# 500 hot showers from one small compost pile



## rhrobert (Apr 27, 2009)

One heck of an idea, think I'll give this a try.


----------



## Sonnyjim (Sep 17, 2009)

Very interesting concept. Compost piles can get quite hot, I'm surprised the heat didn't affect the dexterity of the hose itself. This would certainly be something to consider if you had that ammount of compost at disposal.


----------



## *Andi (Nov 8, 2009)

I agree ... interesting.

Thanks for posting.


----------



## twolilfishies (Dec 6, 2009)

awseome idea! thanks for posting!


----------



## Al-Thi'b (Jan 6, 2010)

Still the problem that a compost heap can be smelt from afar.


----------



## bunkerbob (Sep 29, 2009)

Al-Thi'b said:


> Still the problem that a compost heap can be smelt from afar.

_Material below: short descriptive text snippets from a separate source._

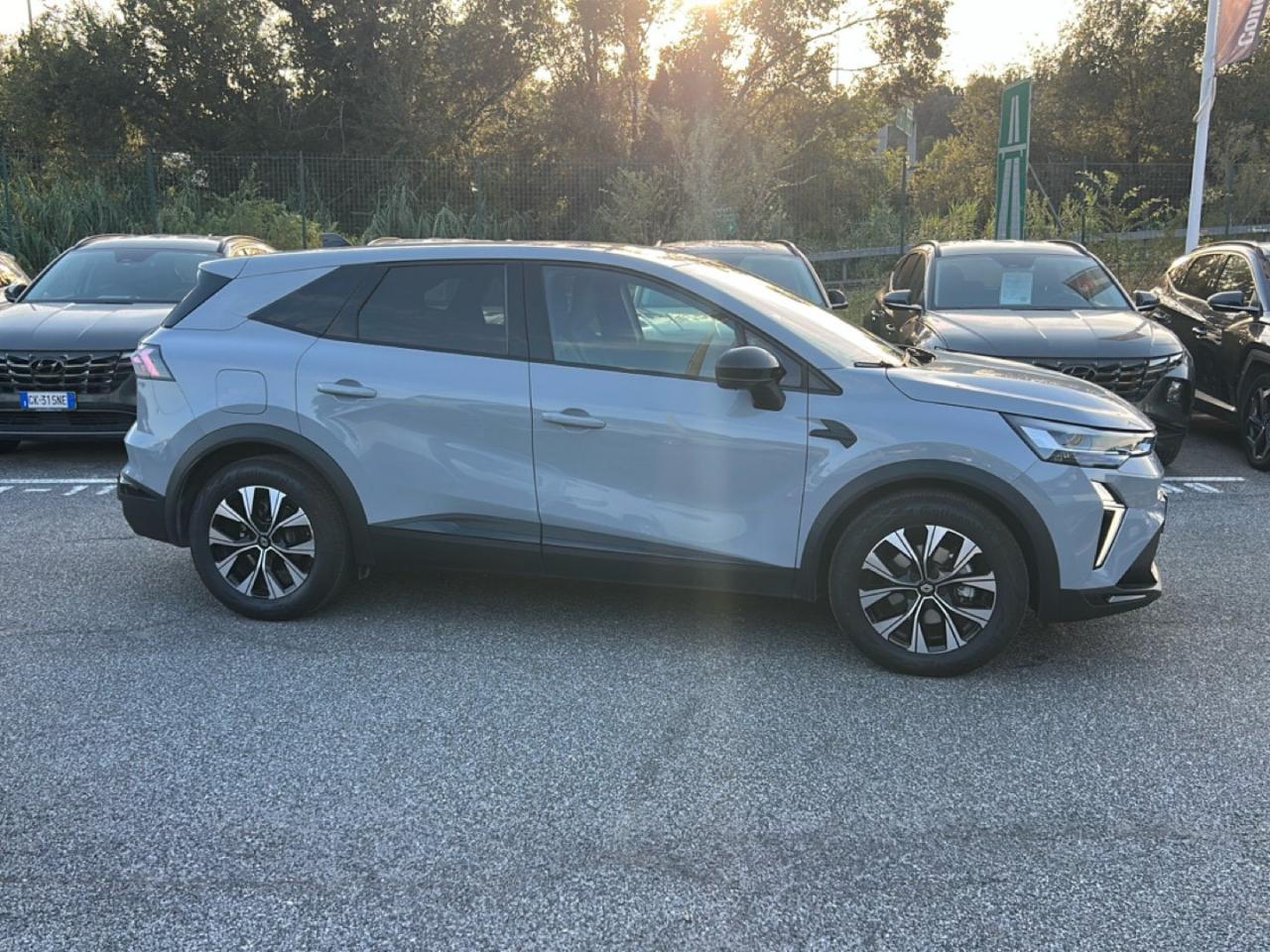 Renault Renault Clio usata 17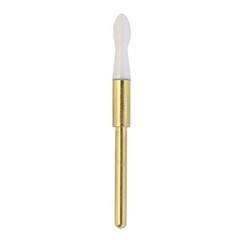 Dental Surgical Soft Tissue Trimmer Ceramic Bur Gingival Gingivectomy FG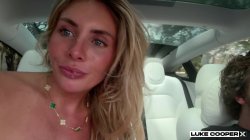 'Famous Bonnie Blue Car Fucking' screenshot nº 136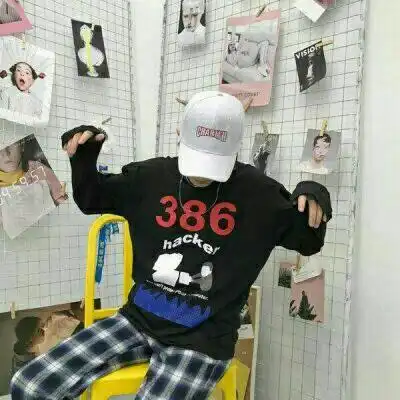  情头拿了图要给我点赞哟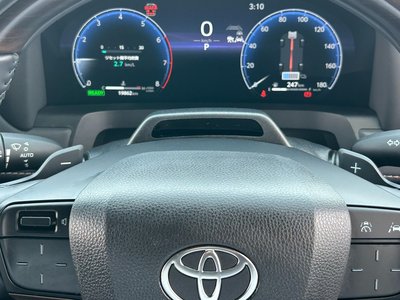 2024 Toyota VELLFIRE 缩略图 51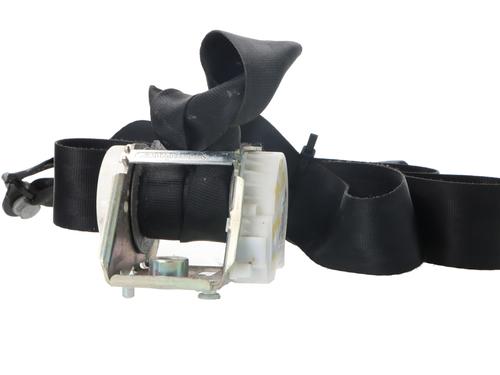 Used Rear right seatbelt Rear right seatbelt CITROËN C3 II (SC_) [2009-2026] 32504120 32504120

Compost piles do not smell. Unless you are putting garbage in them, like grease or meat products, which is a no no. I have had one on going for years, you can put your nose down to them and not detect any bad smell. Matter of fact I think they have a good earthy smell to them.


----------



## Al-Thi'b (Jan 6, 2010)

bunkerbob said:


> Compost piles do not smell. Unless you are putting garbage in them, like grease or meat products, which is a no no. I have had one on going for years, you can put your nose down to them and not detect any bad smell. Matter of fact I think they have a good earthy smell to them.


Soured fruit and/or vegetable remains stick in the humid southern air here and carry decent range.


----------



## Derek (Jan 24, 2011)

Very cool concept, I was thinking of something similar that sits kind of under an overhang of a building that can capture some of the heat.


----------